**Crawled caption data**
'''

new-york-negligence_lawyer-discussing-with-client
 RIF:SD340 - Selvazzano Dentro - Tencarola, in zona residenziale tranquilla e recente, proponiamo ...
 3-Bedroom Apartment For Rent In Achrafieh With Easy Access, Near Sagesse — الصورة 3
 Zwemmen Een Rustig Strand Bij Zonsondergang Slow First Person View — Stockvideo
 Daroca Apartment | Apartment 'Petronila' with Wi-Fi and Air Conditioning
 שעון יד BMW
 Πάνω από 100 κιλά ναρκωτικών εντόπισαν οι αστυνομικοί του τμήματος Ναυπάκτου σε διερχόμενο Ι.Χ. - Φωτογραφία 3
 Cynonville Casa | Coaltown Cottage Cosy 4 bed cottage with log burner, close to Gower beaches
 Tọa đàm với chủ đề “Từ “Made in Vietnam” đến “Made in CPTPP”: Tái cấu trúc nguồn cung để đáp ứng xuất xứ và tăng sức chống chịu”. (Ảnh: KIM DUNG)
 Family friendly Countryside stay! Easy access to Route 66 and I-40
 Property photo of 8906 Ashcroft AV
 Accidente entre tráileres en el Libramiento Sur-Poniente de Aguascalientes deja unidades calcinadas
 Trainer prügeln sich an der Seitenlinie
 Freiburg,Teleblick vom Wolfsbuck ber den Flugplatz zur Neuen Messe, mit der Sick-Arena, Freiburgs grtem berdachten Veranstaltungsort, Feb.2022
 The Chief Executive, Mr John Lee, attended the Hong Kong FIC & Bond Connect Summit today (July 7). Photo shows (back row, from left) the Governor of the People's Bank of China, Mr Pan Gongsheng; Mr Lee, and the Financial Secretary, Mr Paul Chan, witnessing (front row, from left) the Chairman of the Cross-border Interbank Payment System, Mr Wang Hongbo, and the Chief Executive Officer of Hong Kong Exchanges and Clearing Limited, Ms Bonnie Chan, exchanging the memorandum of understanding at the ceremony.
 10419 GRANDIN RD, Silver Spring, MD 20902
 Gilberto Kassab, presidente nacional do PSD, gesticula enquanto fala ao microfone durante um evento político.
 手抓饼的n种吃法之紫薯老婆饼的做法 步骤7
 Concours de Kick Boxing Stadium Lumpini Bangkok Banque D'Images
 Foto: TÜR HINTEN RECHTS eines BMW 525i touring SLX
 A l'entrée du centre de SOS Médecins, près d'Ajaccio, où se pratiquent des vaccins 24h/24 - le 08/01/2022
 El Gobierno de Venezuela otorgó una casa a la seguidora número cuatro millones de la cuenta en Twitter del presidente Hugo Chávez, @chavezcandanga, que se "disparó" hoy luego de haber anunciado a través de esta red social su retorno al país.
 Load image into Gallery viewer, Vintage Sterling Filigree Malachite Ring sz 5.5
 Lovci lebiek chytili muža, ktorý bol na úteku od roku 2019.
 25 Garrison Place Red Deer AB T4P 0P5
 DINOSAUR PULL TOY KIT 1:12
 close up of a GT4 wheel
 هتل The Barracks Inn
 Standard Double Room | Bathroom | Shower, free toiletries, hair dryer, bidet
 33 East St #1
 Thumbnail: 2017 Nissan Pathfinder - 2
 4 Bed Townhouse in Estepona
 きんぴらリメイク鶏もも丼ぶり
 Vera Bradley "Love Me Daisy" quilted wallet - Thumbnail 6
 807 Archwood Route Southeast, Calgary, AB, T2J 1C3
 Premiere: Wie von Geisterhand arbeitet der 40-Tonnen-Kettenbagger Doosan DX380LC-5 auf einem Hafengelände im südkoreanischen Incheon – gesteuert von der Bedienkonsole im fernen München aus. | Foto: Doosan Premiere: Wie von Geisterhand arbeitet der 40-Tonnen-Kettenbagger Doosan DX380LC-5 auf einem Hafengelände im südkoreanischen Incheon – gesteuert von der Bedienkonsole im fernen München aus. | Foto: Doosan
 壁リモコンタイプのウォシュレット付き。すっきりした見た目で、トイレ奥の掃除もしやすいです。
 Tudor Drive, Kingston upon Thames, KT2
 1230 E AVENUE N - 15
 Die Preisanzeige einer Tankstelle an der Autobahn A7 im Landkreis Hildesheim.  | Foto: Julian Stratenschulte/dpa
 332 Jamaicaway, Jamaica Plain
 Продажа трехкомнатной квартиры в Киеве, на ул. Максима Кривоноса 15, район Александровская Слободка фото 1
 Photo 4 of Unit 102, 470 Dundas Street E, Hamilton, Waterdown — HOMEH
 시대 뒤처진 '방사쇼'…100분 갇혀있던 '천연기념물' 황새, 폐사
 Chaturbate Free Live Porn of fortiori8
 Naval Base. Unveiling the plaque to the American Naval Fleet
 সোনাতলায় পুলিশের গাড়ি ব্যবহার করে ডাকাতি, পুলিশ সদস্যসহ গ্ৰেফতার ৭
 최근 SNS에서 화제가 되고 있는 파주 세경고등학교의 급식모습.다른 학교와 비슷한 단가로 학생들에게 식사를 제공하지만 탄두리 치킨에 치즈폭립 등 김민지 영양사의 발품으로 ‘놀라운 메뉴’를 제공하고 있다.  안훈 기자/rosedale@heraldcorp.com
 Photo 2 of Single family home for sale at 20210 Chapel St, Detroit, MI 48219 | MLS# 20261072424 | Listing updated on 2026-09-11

'''

**To do**
Gather each line of the records holding the string "Route".

**Response**
 Family friendly Countryside stay! Easy access to Route 66 and I-40
 807 Archwood Route Southeast, Calgary, AB, T2J 1C3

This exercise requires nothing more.